The more careful exploration, presented here, uses a series of square grids measured in metres (m); at each level, the scale has been halved, so the lowest scale is derived from the 100 m grid references distributed by the Office of National Statistics for the population mid-points of each unit postcode. The next level consists of a 200 m grid, the third a 400 m grid and so on up to a large-scale grid of 25,600 m. This series of grids is designed to remove any structure that appears in the results that might be an artefact of the reference geography used.
Exploratory Data Analysis reveals data descriptors that scale

If the Comic Relief database under examination showed perfectly linear behaviour, then the distribution of counts of supporters should theoretically follow a Poisson distribution at each geographic scale and have a ‘fractal dimension’ of 0 at low levels of geography. In the author's experience, over a number of consumer databases this has never been the case. However, the data can often be approximated by generating an over-dispersed Poisson distribution by assuming that the distribution consists of groups of customers, plus a long tail consisting of geographic units with counts of supporters that are much higher than normal. Some of these long tails are found to consist of distribution sites, and/or unusual concentrations such as student halls of residence, and so on, but the remainder represents part of the evidence for the presence of non-linear characteristics.

One approach is to go through the process of intricately fitting to a re-scaled Poisson distribution at each geographic scale and then estimating a scaling law for the fitted parameters. This is a delicate process, and has the potential of missing the point that we are conducting an exploratory process, using a simplified model. Instead, we present here results from following a non-parametric approach that makes no particular assumptions about the underlying distributions at each geographic level.
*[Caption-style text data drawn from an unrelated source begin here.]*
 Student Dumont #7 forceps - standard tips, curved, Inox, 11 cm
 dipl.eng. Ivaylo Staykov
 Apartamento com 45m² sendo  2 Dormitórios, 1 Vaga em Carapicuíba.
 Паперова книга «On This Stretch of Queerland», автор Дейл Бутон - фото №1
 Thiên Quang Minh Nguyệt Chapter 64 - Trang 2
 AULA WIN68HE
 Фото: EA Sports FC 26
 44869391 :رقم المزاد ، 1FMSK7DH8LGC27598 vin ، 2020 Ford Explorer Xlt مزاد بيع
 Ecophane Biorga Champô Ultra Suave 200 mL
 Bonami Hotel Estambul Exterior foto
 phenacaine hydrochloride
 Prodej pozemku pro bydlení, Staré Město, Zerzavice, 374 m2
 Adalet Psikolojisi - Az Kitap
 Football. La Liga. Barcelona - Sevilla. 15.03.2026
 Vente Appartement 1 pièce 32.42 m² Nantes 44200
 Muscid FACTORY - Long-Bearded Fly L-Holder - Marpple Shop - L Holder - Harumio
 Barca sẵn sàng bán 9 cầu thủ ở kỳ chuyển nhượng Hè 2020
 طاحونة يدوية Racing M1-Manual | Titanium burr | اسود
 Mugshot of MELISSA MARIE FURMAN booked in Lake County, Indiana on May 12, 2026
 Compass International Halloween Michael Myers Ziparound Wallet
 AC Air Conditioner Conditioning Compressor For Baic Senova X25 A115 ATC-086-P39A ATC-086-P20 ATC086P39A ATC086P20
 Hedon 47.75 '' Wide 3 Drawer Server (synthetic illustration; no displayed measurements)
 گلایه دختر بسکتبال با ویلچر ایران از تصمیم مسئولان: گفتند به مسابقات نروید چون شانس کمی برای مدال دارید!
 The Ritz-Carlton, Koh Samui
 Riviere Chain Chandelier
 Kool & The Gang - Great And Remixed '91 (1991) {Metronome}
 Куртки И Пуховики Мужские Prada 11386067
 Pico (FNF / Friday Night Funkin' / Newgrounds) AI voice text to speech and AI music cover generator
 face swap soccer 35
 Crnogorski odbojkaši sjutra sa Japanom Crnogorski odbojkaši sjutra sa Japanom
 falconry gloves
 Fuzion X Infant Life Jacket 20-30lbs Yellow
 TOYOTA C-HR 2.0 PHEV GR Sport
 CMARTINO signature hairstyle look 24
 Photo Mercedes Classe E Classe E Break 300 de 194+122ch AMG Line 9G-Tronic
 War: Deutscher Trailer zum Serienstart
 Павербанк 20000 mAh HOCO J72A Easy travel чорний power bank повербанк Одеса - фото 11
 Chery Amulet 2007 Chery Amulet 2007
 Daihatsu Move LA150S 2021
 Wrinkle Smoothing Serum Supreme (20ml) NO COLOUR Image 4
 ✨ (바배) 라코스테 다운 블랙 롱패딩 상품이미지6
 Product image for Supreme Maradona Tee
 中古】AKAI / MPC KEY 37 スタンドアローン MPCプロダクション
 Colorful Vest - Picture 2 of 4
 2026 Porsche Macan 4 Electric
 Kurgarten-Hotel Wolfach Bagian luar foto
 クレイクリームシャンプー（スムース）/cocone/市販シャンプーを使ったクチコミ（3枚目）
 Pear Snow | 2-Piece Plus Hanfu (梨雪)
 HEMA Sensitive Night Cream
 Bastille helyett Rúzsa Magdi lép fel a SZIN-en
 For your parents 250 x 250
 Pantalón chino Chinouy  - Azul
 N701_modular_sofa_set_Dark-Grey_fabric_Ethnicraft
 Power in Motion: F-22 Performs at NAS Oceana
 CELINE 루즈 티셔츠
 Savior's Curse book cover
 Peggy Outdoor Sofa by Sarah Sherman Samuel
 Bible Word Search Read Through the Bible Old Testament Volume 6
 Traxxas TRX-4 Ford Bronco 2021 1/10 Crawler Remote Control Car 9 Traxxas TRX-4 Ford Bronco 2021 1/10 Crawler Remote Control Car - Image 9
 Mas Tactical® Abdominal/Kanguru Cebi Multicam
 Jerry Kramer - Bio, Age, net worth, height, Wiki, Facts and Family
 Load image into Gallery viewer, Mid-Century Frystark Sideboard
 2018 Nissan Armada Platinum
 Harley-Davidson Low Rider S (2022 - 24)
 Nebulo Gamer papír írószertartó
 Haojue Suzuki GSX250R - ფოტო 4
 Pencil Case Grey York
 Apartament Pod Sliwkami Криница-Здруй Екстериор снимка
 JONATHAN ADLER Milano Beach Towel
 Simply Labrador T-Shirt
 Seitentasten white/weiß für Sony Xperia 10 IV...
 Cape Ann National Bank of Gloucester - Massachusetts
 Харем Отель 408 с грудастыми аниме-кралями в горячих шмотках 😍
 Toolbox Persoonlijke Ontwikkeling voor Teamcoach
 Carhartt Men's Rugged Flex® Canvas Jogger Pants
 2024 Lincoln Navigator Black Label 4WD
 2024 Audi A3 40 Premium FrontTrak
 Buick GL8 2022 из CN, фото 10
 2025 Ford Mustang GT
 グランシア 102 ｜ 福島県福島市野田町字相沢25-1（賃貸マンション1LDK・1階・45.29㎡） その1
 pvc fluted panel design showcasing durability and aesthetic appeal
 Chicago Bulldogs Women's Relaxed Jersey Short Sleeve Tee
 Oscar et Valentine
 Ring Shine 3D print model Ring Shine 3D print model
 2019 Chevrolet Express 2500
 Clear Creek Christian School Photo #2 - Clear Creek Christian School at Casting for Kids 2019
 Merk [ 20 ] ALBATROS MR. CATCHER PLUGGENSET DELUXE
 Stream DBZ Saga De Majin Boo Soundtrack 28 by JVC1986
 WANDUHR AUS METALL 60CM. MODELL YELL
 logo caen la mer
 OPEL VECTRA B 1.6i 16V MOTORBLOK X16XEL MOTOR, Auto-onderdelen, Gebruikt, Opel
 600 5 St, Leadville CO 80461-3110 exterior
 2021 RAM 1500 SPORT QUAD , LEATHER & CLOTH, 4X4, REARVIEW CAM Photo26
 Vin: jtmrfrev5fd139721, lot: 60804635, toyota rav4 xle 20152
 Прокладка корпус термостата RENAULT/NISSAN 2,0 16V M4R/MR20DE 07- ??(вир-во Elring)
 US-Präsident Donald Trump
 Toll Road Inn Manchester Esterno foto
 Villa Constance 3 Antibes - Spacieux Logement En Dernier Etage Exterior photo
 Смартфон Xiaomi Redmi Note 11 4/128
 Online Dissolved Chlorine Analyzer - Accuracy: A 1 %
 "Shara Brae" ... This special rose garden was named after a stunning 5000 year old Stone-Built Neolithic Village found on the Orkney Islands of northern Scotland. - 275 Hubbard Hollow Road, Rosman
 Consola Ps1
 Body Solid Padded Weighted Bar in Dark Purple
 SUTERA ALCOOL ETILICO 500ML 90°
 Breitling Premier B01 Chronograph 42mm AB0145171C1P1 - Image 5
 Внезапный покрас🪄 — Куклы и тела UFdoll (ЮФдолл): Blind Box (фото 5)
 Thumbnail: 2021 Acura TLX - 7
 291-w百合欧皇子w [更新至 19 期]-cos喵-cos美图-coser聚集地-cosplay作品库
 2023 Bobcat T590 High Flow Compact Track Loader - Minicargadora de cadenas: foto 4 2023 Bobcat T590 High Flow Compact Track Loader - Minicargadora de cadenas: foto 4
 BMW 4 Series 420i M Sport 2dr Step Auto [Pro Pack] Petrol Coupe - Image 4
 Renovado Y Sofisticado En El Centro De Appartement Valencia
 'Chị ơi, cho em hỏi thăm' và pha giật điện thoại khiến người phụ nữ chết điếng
As can be seen from Figures 1 and 2, the percentiles of each distribution can be identified; the current study focuses on the 50, 75, 90 and 95 percentiles of the distributions of supporter counts. Inevitably, as the grids go to higher geographical scales, the number within each square increases; what we want to examine here is the relationship between the percentiles of these counts and the geographical scale, as shown in Table 1. The underlying structure of scaling laws can be identified by looking at logarithmic plots of scale against the values of the percentiles, as shown in Figure 3. Interpretation of Figure 3 indicates the three different characteristics of non-linear systems. The long tails are shown by the high values of the 90 and 95 percentiles, respectively, and the clustering is implied by the relatively low value of the 50 percentile. However, the most striking effect is the consistent gradient across each of the different percentiles, across a wide range of scales. Without making any assumptions about the nature of the underlying distribution, the illustration that these lines are approximately parallel indicates that at each scale the distribution looks the same, as a constant factor is all that changes.
Table 1

The scaling of Comic Relief supporter distribution of counts within increasing sizes of geographical grid

Scale of grid (m)

Percentile of size distribution

 

50

75

90

95

100

2

7

12

16

200

2

10

54

92

400

4

20

113

229

800

17

77

342

668

1,600

78

326

1,121

2,051

3,200

306

1,324

3,788

6,265

6,400

1,112

5,138

13,535

23,136

12,800

4,609

19,959

50,083

61,225

25,600

13,511

65,496

148,128

218,673

Figure 1

Distribution of the count of Comic Relief supporters within two geographic grids of 200 m & 400 m squares

Figure 2

Cumulative distribution of the count of Comic Relief supporters in two geographic grids of 200 m and 400 m squares

Figure 3

The percentiles of the count distribution of Comic Relief supporters within squares at a range of geographic scales

Given that these non-linear features can be identified, it is of interest to interpret the gradient of the line, as the ‘fractal dimension’ previously used for physical systems. This gives a fractal dimension of approximately 1.7, below the behaviour expected for a circle. This could indicate a mixed distribution of dots, (d=0) and circles (d=2) or more intriguingly a tendency to ovals, that is, shapes with some local direction driven by characteristics of local geography.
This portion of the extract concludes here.